Totutla is a municipality located in the south zone in the Mexican state of Veracruz, about 40 km from the state capital Xalapa. It has an area of 80.61 km^{2}. It is located at . The name comes from the language Náhuatl, Toto-tlan; that means "Among the birds".

==Geography==

The municipality of Totutla is bordered to the north by Tenampa, to the north-east by Tlacotepec de Mejía and to the south-west by Chiapas State.

===Climate===
The weather in Totutla is cold and wet all year with rains in summer and autumn.

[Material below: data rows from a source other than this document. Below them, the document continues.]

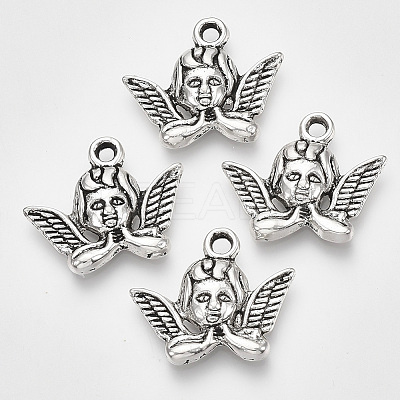 Tibetan Style Alloy Pendants TIBEP-Q083-06AS-NR-1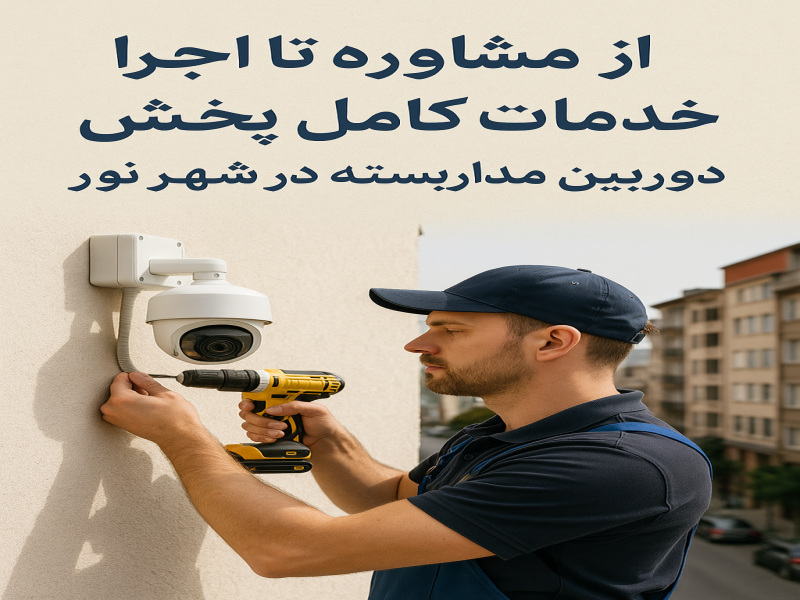 از مشاوره تا اجرا؛ خدمات کامل پخش دوربین مدار بسته در شهر نور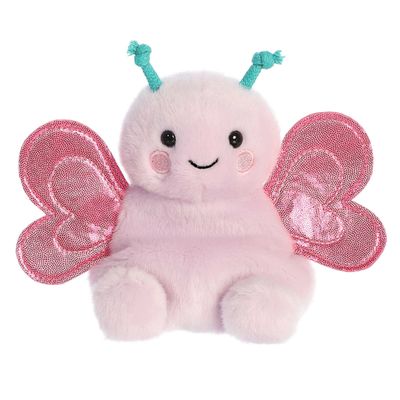 Aurora Adorable Palm Pals Petunia Butterfly Stuffed Animal - Fun Collectible Plush for Kids and Adult Collectors - Perfect for Decorating Rooms and Birthday Gifts - Pink 6.5 Inches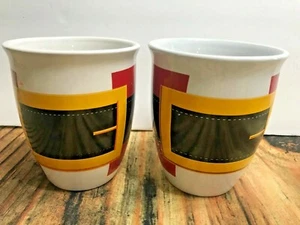 Royal Norfolk Mr.& Mrs.Claus Holiday Coffee Tea Cocoa Mug Cup 12 oz Belt Buckle - Picture 1 of 11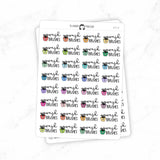 Wash Brushes - Icon Script Stickers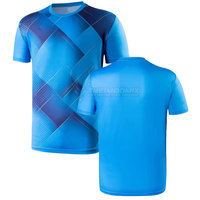 T-shirt personnalisé en polyester/coton avec logo imprimé intégral par transfert thermique sur demande, vente en gros, pour hommes, séchage rapide, respirant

Climate data for Totutla (1991–2020 normals, extremes 1959–present)
| Month | Jan | Feb | Mar | Apr | May | Jun | Jul | Aug | Sep | Oct | Nov | Dec | Year |
| Record high °C (°F) | 32 (90) | 34 (93) | 37 (99) | 37 (99) | 37 (99) | 36 (97) | 36 (97) | 36 (97) | 38.5 (101.3) | 33 (91) | 32 (90) | 33 (91) | 38.5 (101.3) |
| Mean daily maximum °C (°F) | 20.0 (68.0) | 21.5 (70.7) | 23.2 (73.8) | 25.2 (77.4) | 25.7 (78.3) | 25.1 (77.2) | 24.6 (76.3) | 24.4 (75.9) | 23.9 (75.0) | 23.0 (73.4) | 21.5 (70.7) | 20.9 (69.6) | 23.2 (73.8) |
| Daily mean °C (°F) | 15.5 (59.9) | 16.6 (61.9) | 18.2 (64.8) | 20.2 (68.4) | 21.0 (69.8) | 20.7 (69.3) | 20.1 (68.2) | 20.2 (68.4) | 19.9 (67.8) | 18.8 (65.8) | 17.3 (63.1) | 16.3 (61.3) | 18.7 (65.7) |
| Mean daily minimum °C (°F) | 11.0 (51.8) | 11.8 (53.2) | 13.2 (55.8) | 15.2 (59.4) | 16.4 (61.5) | 16.3 (61.3) | 15.7 (60.3) | 15.9 (60.6) | 16.0 (60.8) | 14.6 (58.3) | 13.0 (55.4) | 11.8 (53.2) | 14.2 (57.6) |
| Record low °C (°F) | 1 (34) | 0.5 (32.9) | 4 (39) | 4 (39) | 7.5 (45.5) | 6 (43) | 10 (50) | 10 (50) | 9 (48) | 7.5 (45.5) | 0 (32) | 1 (34) | 0 (32) |
| Average precipitation mm (inches) | 41.9 (1.65) | 41.3 (1.63) | 57.8 (2.28) | 72.7 (2.86) | 162.0 (6.38) | 396.5 (15.61) | 331.2 (13.04) | 381.6 (15.02) | 374.9 (14.76) | 193.5 (7.62) | 80.7 (3.18) | 45.1 (1.78) | 2,179.2 (85.80) |
| Average precipitation days | 18.6 | 16.4 | 17.2 | 16.0 | 18.9 | 24.5 | 24.4 | 26.2 | 26.2 | 23.8 | 20.4 | 20.6 | 253.2 |
Source: Servicio Meteorológico Nacional

==Agriculture==

It produces principally maize, beans, coffee and sugarcane.

==Celebrations==

In Totutla , in July takes place the celebration in honor to Santiago Apostol, Patron of the town, and in December takes place the celebration in honor to Virgen de Guadalupe.